*What the exercise asks*.
What you return should be the lines from the one with "3 bedrooms Villa" through the one with "Delicia de 19" in the data below, reproduced exactly with both ends, and no pictures at all.

*Given entries*.

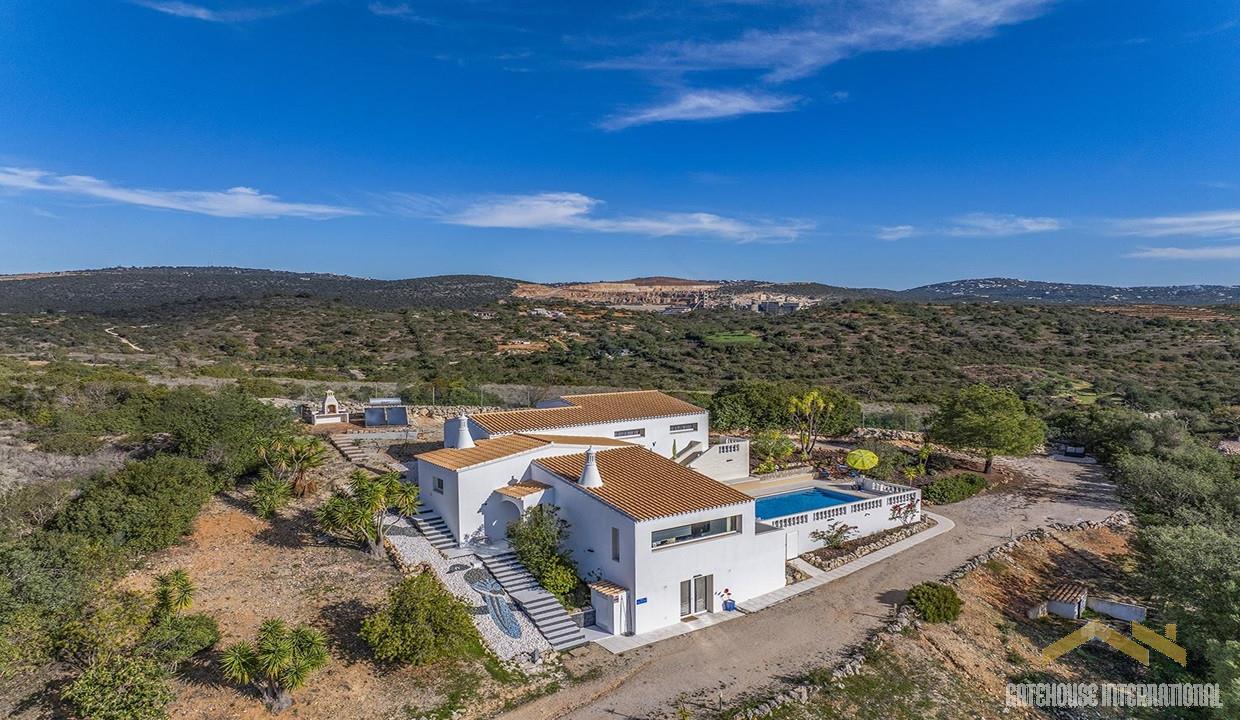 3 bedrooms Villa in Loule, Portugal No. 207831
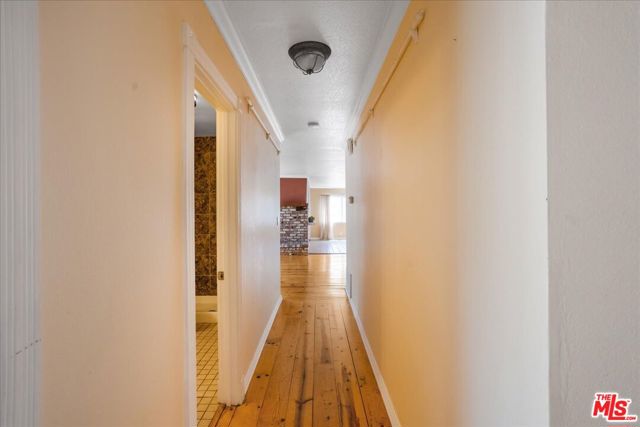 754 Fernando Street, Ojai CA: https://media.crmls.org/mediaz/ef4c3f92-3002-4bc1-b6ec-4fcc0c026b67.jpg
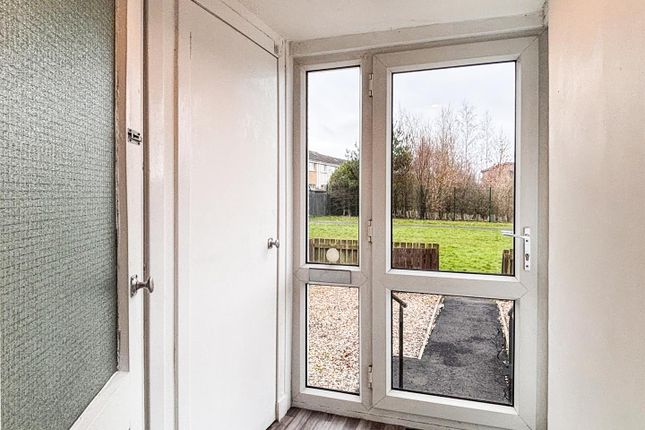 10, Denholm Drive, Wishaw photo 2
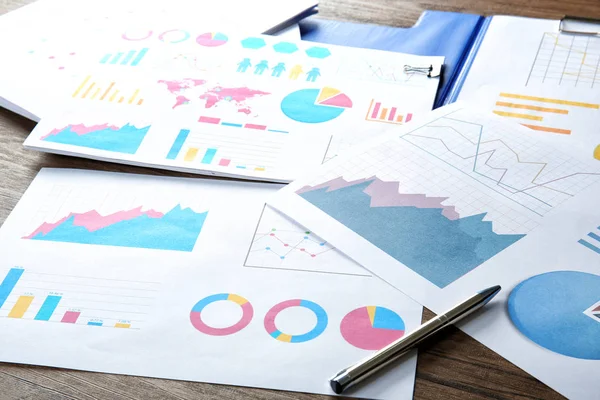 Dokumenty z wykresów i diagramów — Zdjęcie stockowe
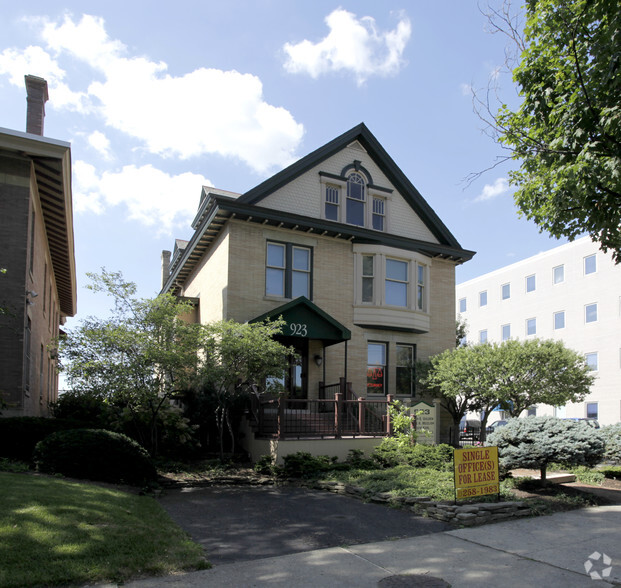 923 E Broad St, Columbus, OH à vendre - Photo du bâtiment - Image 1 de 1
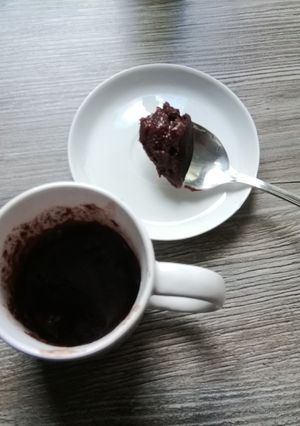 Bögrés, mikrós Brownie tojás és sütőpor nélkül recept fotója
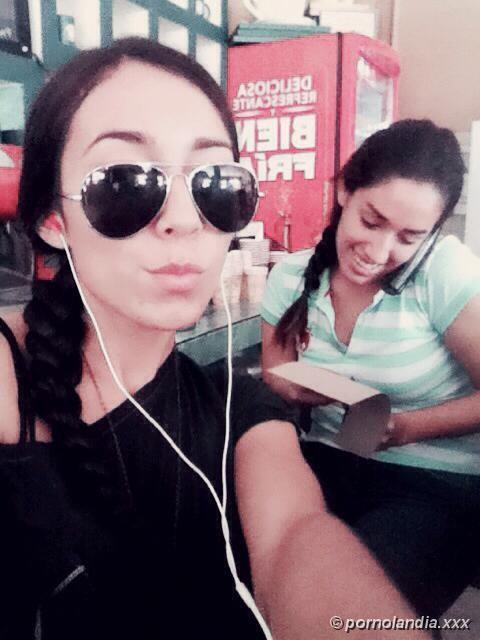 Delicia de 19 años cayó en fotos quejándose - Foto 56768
* * *
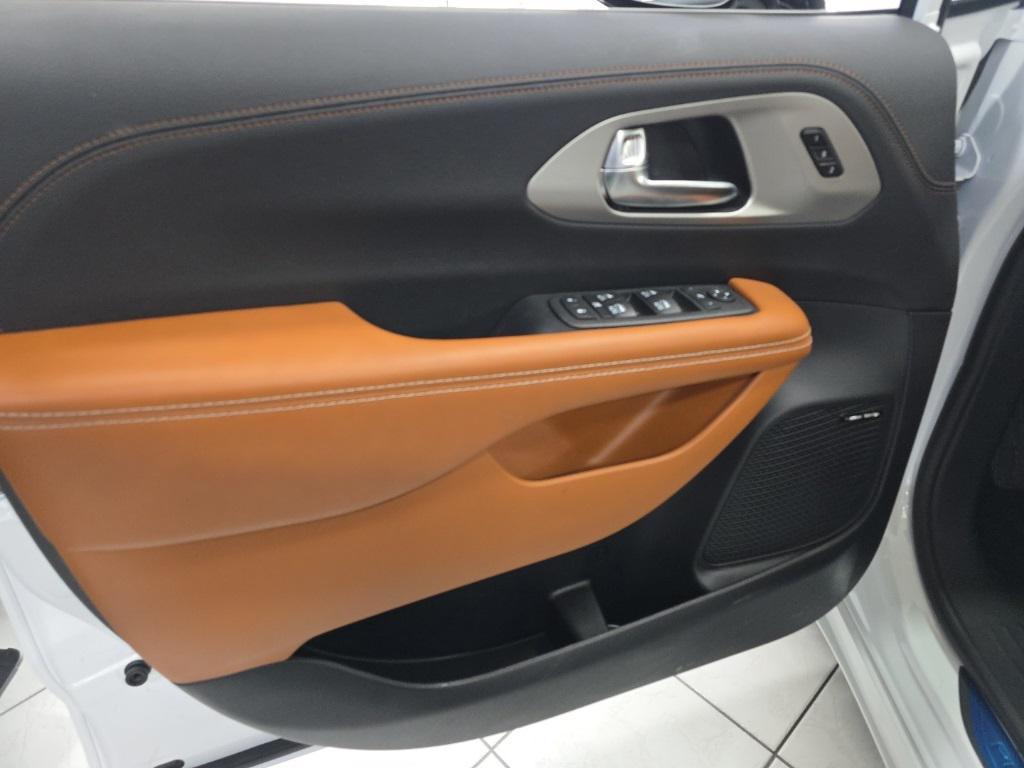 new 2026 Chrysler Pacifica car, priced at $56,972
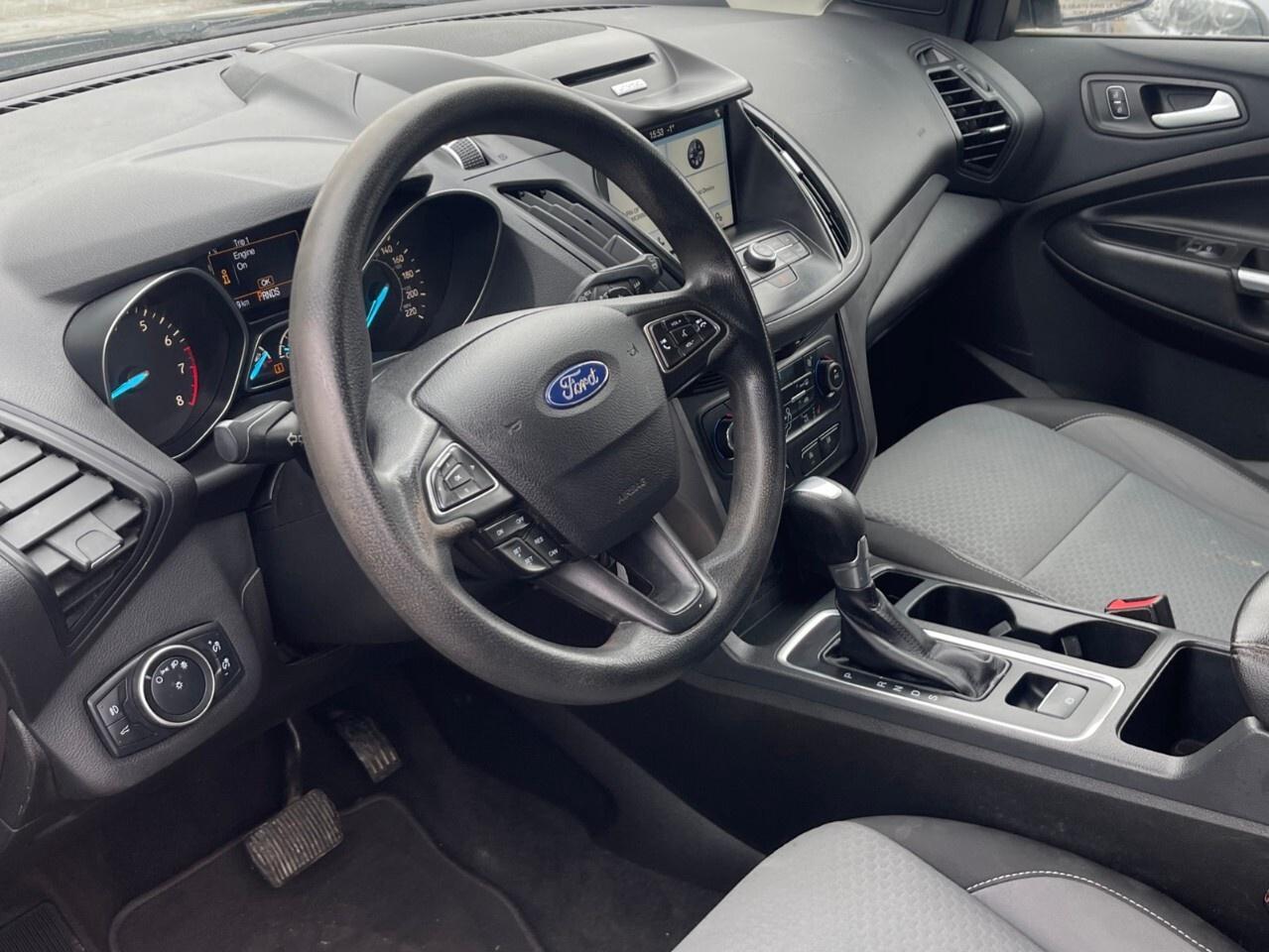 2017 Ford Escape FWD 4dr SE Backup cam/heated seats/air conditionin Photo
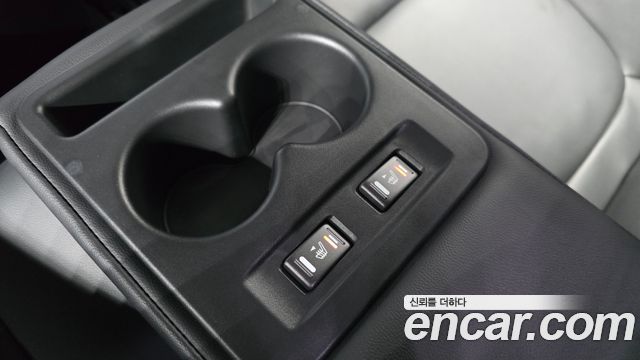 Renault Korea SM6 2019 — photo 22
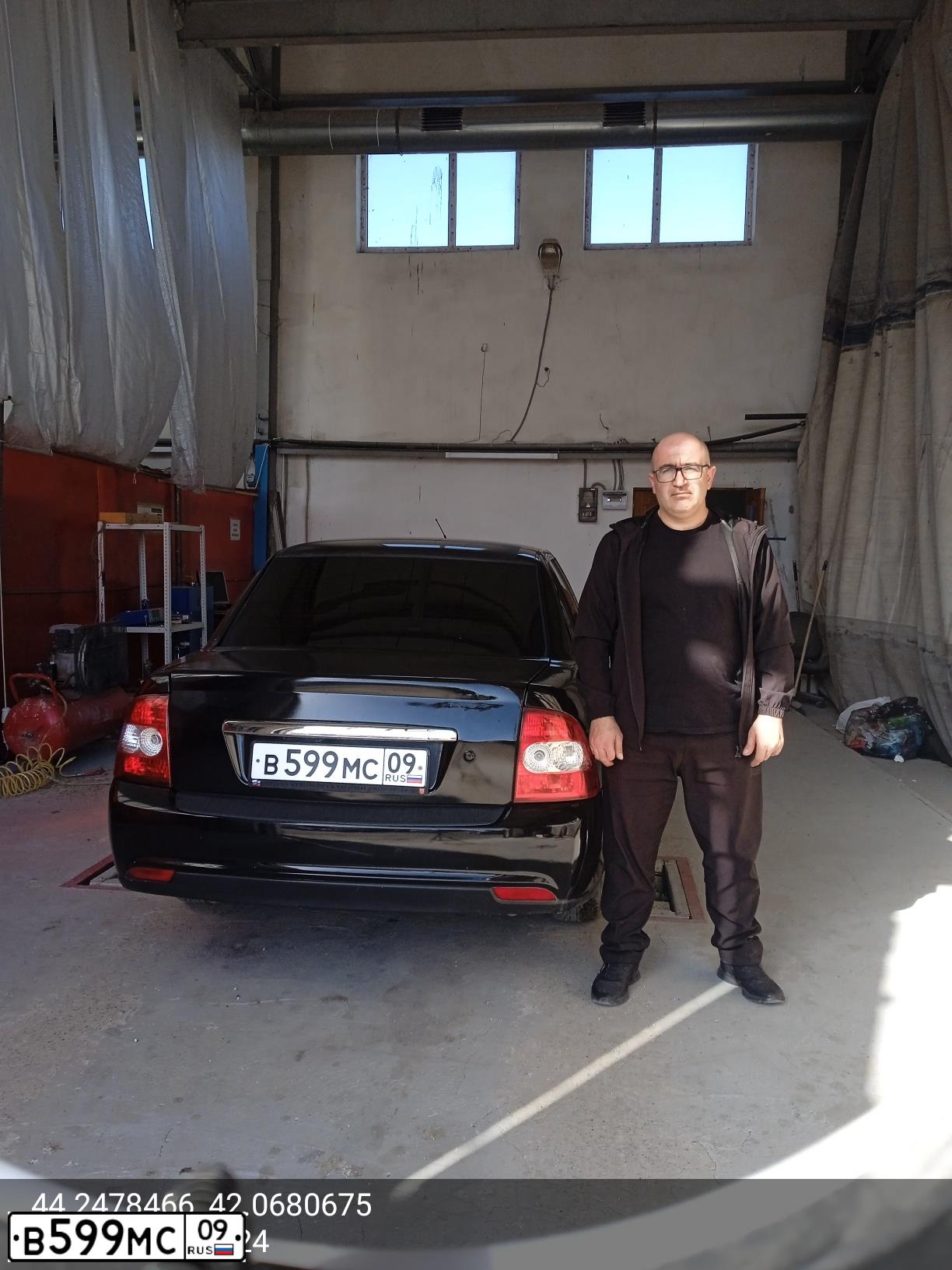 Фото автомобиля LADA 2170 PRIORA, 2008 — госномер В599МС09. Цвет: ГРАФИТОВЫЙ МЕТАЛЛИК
==
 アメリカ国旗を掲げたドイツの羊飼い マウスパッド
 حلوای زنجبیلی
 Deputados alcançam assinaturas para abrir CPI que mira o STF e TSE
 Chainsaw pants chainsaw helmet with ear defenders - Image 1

*Task solution*.
 3 bedrooms Villa in Loule, Portugal No. 207831
 754 Fernando Street, Ojai CA: https://media.crmls.org/mediaz/ef4c3f92-3002-4bc1-b6ec-4fcc0c026b67.jpg
 10, Denholm Drive, Wishaw photo 2
 Dokumenty z wykresów i diagramów — Zdjęcie stockowe
 923 E Broad St, Columbus, OH à vendre - Photo du bâtiment - Image 1 de 1
 Bögrés, mikrós Brownie tojás és sütőpor nélkül recept fotója
 Delicia de 19 años cayó en fotos quejándose - Foto 56768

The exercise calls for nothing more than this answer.